Sis moved her head up and down in agreement.
Then, the man turned to me with a stern look in his eye, grabbed my shoulder roughly, twirled me around, and swatted my backside one good swat. I almost lost my footing in my surprise for I was too bundled-up to be hurt by a swat. He put his puffing mustache face down close to mine. I could smell tobacco and knew the man had been smoking. Harshly he spoke.
"Boy, you look after your little sister. Keep her out of trouble. A man's got to look after the little ones. Okay." He put Sis's mitten in my hand.
Now it was my turn to nod my head for I'd been taught not to argue with older sisters, brothers, and adults. We stood in shock over what had happened for a moment or two before walking toward the Crawford grocery store. When we were safely away from the trench the man walked back to his warm place.
Inside the store I tried to get Sis to buy eight root beer barrels for a penny, they were my favorite. But, she bought two red suckers. Mr. Crawford smiled warmly as he reached in and took out two red suckers from the big glass jar. Sis put the penny in his hand and he put the suckers in hers. Sis handed me my sucker and as I sucked on mine she told me, "Cherry."
But I wasn't thinking about the flavor of the sucker, but of the man with the mustache that thought I was older than my sister.

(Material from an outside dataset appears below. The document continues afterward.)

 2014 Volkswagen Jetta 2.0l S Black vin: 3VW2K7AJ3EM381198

It was the first time I'd realized that people looked at children by size-not age. I was taller so I was older the man reasoned. Yet, even though Sis's head only came up to my shoulder she was three years older. It seemed unfair to me that grown-ups do that as I followed Sis out the door that Mr. Crawford opened for us.

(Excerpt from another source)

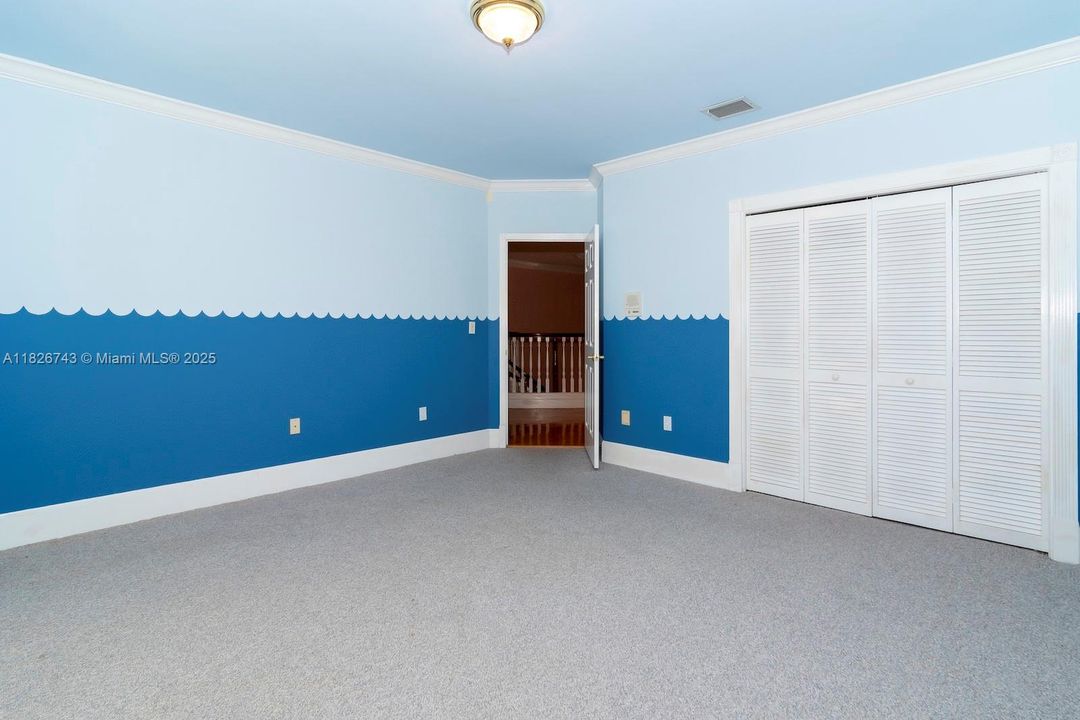 最近售出: $1,399,000 (4 贝兹, 4 浴室, 4092 平方英尺)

We walked down Main Street on the shoveled and swept concrete sidewalk trying not to step on the lines or cracks. My two older brothers said you would get a broken back if you stepped on a line or crack, and we did not want that.
Inside the Barbershop Sis got a hug from Dad and I got a handshake. He lifted us up in two of the chairs along the wall and went back to sit on the window seat to play his cribbage game. Two men were busy playing checkers. One man was in Dad's second barber chair leaned back resting. Another sat along the wall reading the newspaper. Dad's backroom had the two pool tables. From the doorway came noise of people talking and the click of pool balls. I liked watching people in the shop and smelling the scents of tonics and soaps.
Before I got tired of looking one of the men playing checkers said loudly, "It's time." He pulled his cap's earflaps down over his head and pushed his hands into his gloves as men came walking out of the backroom. Quickly, a line of men moved through the door toward the trench and looking out the window I saw men coming out all the buildings.
A minute or two after they were gone one of us must have squirmed. Dad lifted us down from the chairs and opened the front door for us. As we walked back home holding a sucker stick and each other's hand, we stopped at the corner for a last look. We looked again at the chopping picks and scooping shovels slinging chunks of dirt up into the blowing snow.
Adscript: I learned that day that adults make judgments sometimes without all the information or all the correct information. That day I learned that all adult decisions are not correct. Also, I learned that people judge a child's age by that child's size which allows the smaller ones to often escape proper correction. However, I think then and now that being taller have let me do some things I would not have been able to do at such a young age, and the smaller ones might escape punishment but often ran into more handicaps by being held back.